*** Opening of Exercise data ***

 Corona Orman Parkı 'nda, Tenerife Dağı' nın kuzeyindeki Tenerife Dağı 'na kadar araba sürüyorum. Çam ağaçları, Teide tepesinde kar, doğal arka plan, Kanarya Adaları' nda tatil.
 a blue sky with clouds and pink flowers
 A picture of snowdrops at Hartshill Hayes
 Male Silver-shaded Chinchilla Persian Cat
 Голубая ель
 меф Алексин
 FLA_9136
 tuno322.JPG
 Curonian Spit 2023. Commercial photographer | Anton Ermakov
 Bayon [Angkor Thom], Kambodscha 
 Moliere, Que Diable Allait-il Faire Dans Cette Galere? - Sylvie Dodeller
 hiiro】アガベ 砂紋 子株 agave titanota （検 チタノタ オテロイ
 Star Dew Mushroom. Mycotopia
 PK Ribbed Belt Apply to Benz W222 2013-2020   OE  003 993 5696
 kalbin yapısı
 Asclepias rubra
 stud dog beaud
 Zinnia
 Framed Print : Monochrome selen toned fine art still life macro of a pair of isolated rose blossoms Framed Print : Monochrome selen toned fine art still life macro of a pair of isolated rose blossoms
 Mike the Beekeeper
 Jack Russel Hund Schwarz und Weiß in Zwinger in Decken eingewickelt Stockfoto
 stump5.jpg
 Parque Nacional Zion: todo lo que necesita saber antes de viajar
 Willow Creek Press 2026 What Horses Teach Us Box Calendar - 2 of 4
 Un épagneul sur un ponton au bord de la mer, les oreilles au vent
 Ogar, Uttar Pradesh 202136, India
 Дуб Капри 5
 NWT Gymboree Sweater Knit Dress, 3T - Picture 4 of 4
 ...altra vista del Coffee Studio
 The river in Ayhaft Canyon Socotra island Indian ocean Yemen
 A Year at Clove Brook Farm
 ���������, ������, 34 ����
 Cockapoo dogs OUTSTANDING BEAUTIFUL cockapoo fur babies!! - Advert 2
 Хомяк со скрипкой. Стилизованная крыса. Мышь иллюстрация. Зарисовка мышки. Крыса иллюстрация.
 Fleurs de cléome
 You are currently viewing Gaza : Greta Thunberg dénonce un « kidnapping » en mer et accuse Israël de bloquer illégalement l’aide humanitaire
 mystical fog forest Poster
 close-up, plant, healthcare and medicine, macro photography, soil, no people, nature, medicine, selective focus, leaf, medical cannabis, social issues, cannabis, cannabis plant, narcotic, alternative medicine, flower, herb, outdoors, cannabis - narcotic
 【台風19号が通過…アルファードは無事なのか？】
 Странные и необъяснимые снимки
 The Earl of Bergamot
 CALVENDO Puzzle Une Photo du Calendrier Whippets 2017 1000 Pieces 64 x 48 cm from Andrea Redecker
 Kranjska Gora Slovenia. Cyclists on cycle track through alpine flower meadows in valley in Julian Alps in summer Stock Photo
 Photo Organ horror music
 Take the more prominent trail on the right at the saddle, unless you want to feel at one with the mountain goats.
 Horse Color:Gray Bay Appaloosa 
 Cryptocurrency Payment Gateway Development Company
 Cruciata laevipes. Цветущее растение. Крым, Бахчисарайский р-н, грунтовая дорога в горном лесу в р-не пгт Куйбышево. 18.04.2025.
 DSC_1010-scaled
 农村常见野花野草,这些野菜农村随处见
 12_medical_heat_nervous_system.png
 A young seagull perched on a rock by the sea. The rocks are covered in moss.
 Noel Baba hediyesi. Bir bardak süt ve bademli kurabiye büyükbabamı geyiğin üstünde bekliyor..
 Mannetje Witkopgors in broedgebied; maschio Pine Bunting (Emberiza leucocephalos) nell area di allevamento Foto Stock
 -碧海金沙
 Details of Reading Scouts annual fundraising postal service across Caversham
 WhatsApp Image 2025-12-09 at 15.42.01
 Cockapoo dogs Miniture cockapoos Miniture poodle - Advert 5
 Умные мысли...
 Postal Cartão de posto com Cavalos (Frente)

*** Close of Exercise data ***

Problem to work on:
What you return must be an exact retyping of the lines above starting at the line with "You are currently" and ending at the line with "CALVENDO Puzzle Une", and nothing besides.

Response area:
 You are currently viewing Gaza : Greta Thunberg dénonce un « kidnapping » en mer et accuse Israël de bloquer illégalement l’aide humanitaire
 mystical fog forest Poster
 close-up, plant, healthcare and medicine, macro photography, soil, no people, nature, medicine, selective focus, leaf, medical cannabis, social issues, cannabis, cannabis plant, narcotic, alternative medicine, flower, herb, outdoors, cannabis - narcotic
 【台風19号が通過…アルファードは無事なのか？】
 Странные и необъяснимые снимки
 The Earl of Bergamot
 CALVENDO Puzzle Une Photo du Calendrier Whippets 2017 1000 Pieces 64 x 48 cm from Andrea Redecker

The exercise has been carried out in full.